→ **WHAT YOU WILL DO**
Within the listing that follows, reproduce exactly the lines starting at the line with "Vrouwen Met Plezier" and ending at the line with "Pets and their", inclusive, and only those. Pictures are dropped.
--- RAW DATA Enclosed Below ---
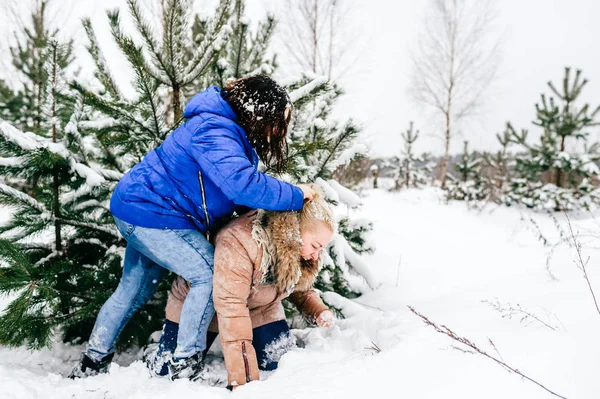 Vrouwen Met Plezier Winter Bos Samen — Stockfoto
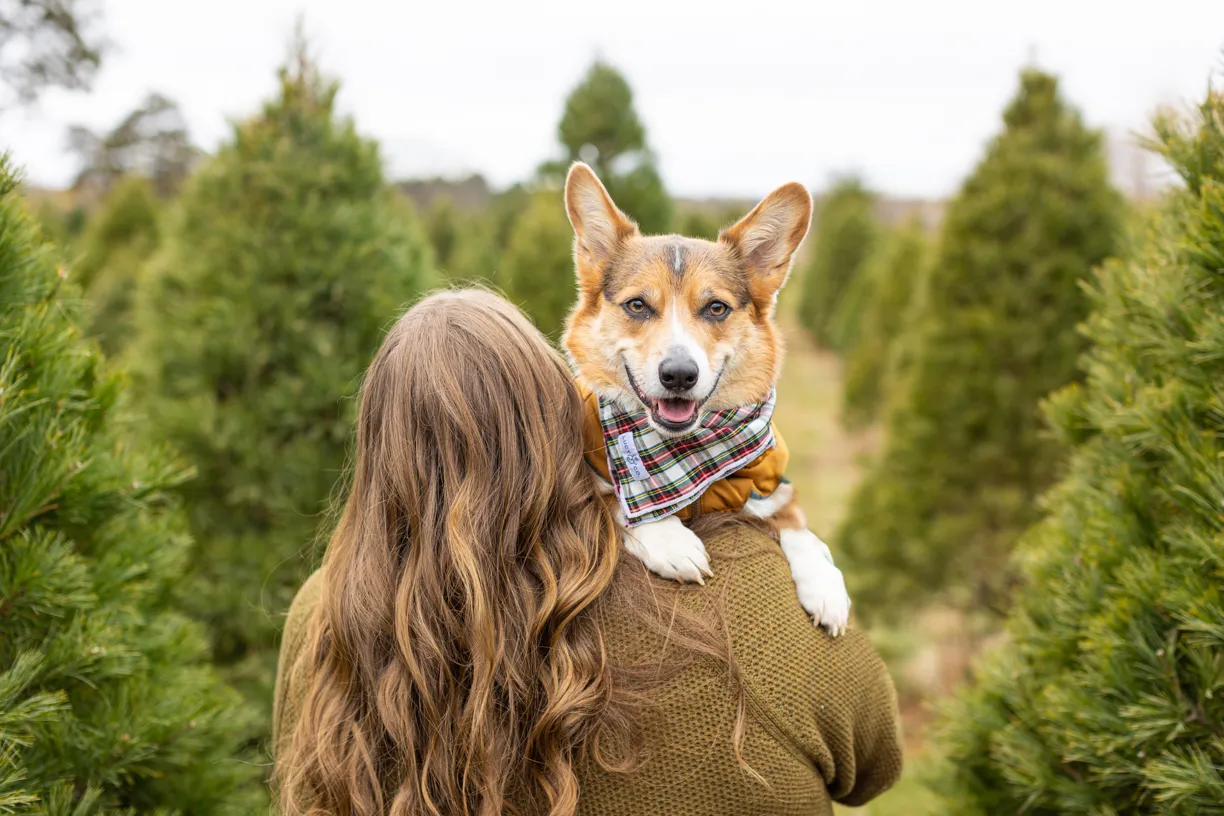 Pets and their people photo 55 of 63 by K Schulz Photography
--- End of Enclosed RAW DATA ---
--- RAW DATA Enclosed Below ---
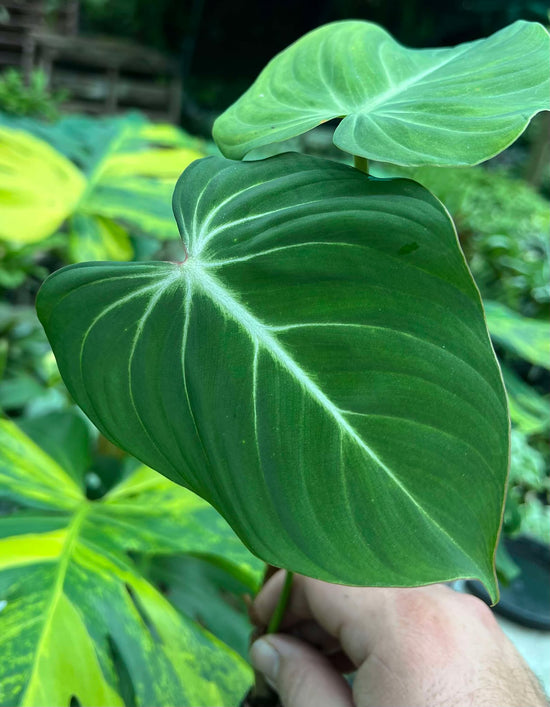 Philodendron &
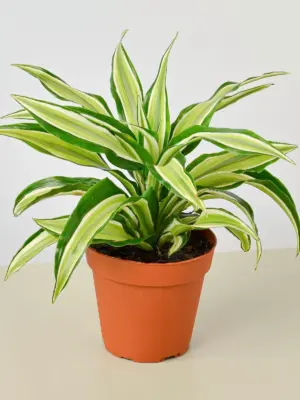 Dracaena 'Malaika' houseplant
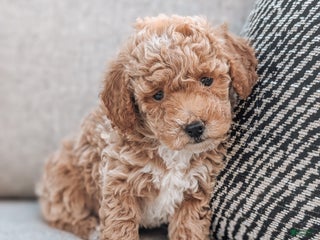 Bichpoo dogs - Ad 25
--- End of Enclosed RAW DATA ---
→ **YOUR SOLUTION**
 Vrouwen Met Plezier Winter Bos Samen — Stockfoto
 Pets and their people photo 55 of 63 by K Schulz Photography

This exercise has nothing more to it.